| Exercise |
Restate word for word the lines below from the one that has "Lionfish hunting basslets Photo - Gary Bell" through the one that has "Tesla Model Y Rear coil spring 118847400B", keeping both and dropping all pictures.
BEGIN Exercise data
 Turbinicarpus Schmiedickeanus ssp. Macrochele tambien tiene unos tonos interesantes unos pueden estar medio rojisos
END Exercise data
BEGIN Exercise data
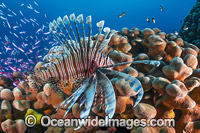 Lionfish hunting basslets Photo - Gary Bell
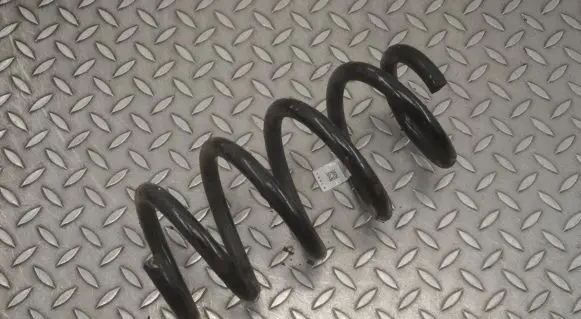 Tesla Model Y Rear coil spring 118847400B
END Exercise data
BEGIN Exercise data
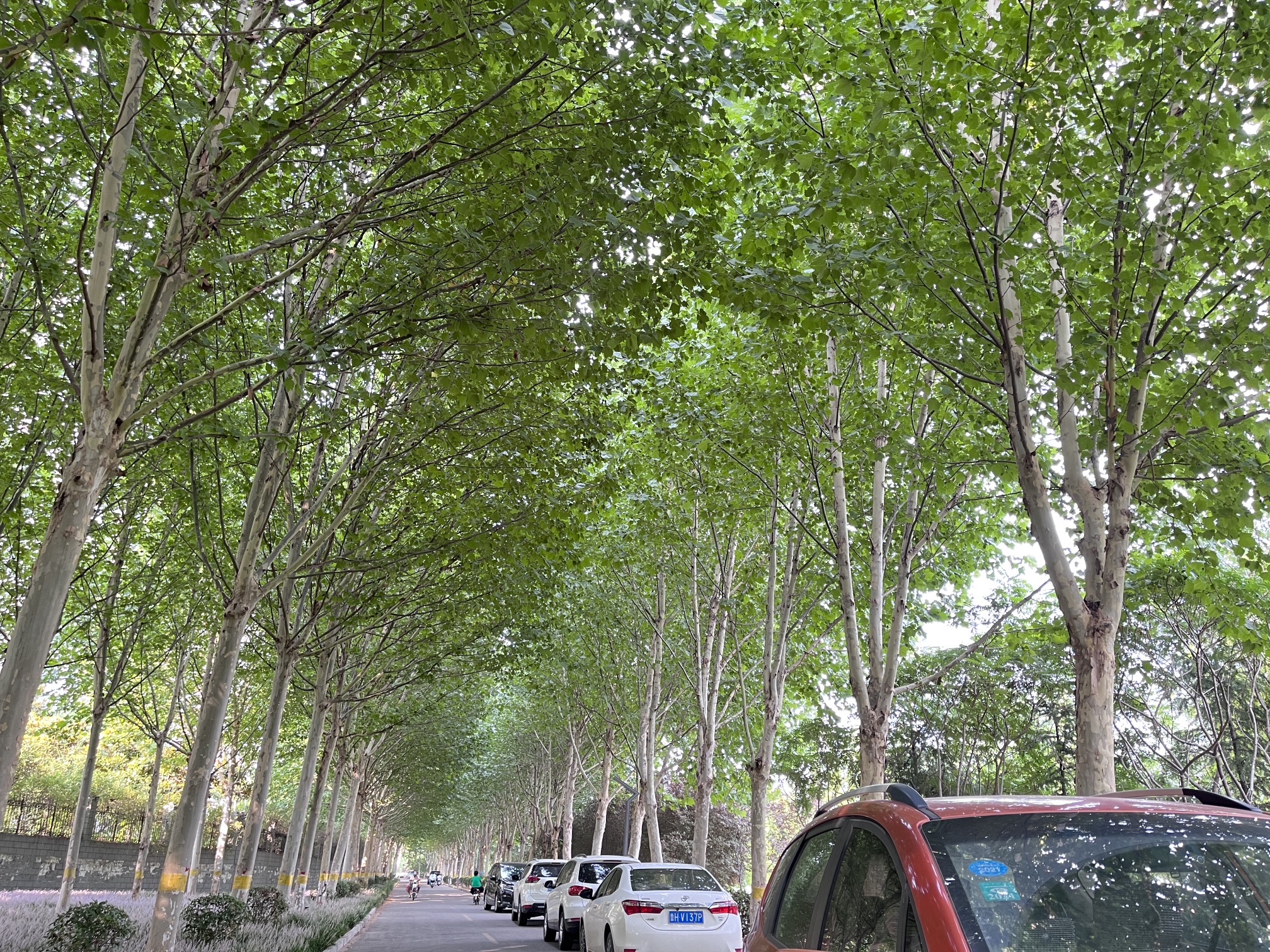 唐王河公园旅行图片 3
END Exercise data
| Answer |
 Lionfish hunting basslets Photo - Gary Bell
 Tesla Model Y Rear coil spring 118847400B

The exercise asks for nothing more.